Nothing of any excitement at all has been happening around here. I've done some well overdue cupboard cleaning and reorganising (perhaps as its been hot I've been looking for excuses to stay in the air-conditioning for as much as possible!) and the kids have been doing the same, staying inside, playing with lego and foraying out for swims in the afternoons.
We've had water troubles at the prickle farm to, so much time has been spent by the husband driving back and forth keeping the water up to the cows. It hasn't rained - still - and they rely on pumped bore water reticulated around the property by a supposedly sophisticated and self sufficient generator pump thingy (technical I know!) which hasn't been doing what its supposed to - ie start itself as required.
Luckily for us, we employ some other techy innovations that allow us to monitor the waters, which given the trouble we've had, has been very very handy.
The system, using satellite, monitors the level of the tank, and in another graph, also has data such as temperature, humidity and rainfall. We can tell by the level of the tank at a certain time of day whether the pump has started (and your heart sinks if that little yellow line is waaay down at the bottom of the graph, which means its EMPTY) (FYI this system is called Agmon)
The second system is based on mobile phone and it takes a photo a few times a day, so one can log in and see what the tank level is at. This is a different location to the graph above, this tank is beside the bore and once the water is pumped into here, it gets pumped up the line to the tanks in the graph (and others along the pipeline). It can be quite complex and it all relies on every thing working in sequence. This set up is called Usee.
We also employ other tools in our arsenal to manage and monitor things, the other most used - although can be a bit unreliable - is NAFI. North Australian Fire Information is a website that picks up hotspots on the earth as the satellite flies over and gives us approximate locations of any fires.
That yellow flame there indicates the fire the men went to yesterday, in our immediate neighbours place.
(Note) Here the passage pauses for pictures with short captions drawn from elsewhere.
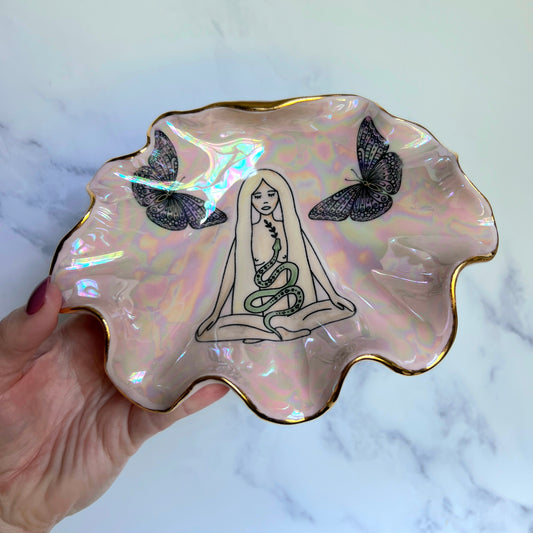Bol coquille de la déesse serpentine avec papillons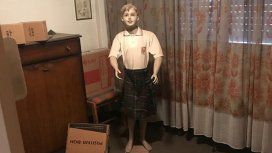 Pornografía infantil y un maniquí vestido de colegiala: mandó a arreglar su PC y lo detuvieron Pornografía infantil y un maniquí vestido de colegiala: mandó a arreglar su PC y lo detuvieron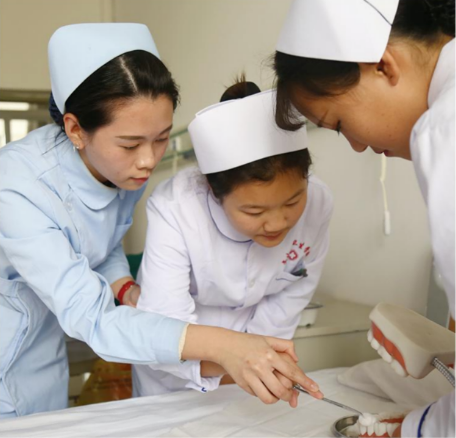 文山州卫生学校2026图片照片：移步皆美景，育人好园地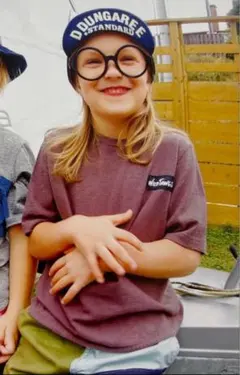 デニムダンガリー ワイルドシングス　コラボ　Tシャツ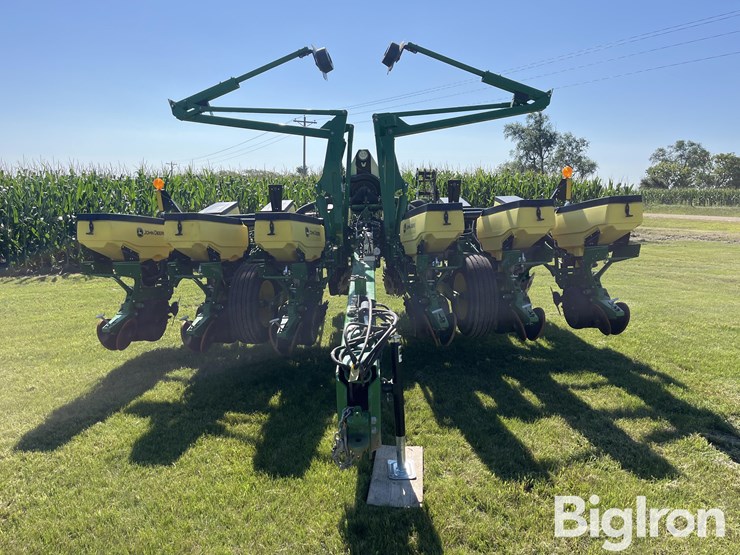2018-john-deere-1765-image-2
We were all packed, car ready, kids bathed and about to shower ourselves and leave for the city, when we got a phone call alerting us. That put paid to leaving, well the husband did immediately, in the ute with fire fighting equipment on board. We have got an excellent crew in our brigade that work together very well, and as they have been to MANY fires together in the past two years fall into their roles and get stuck into the job at hand.
The Husband, from what I can gather, spent the night on our old Gertie the Grader, putting in breaks around the fire, and reinforcing others to fall back on should it get away. My role is in IT, HR and Catering, although this fire being piddly in the scheme of things, that after the initial flurry of phone calls gathering troops and information, my job was done. (mind you, we are keeping a wary eye on the big red one at the top of the map, but fly overs by the helicopter indicate that its contained within previously burnt country).
We are missing our creek swimming and mud play of previous summer holidays, but we can' only hope that the wet season will start soon - the line of cranky storms that passed over yesterday held very little moisture and were mostly heat generated, although of course a few mm of rain does more than days of watering with sprinkler!
hope the summer holidays are more entertaining in your part of the country!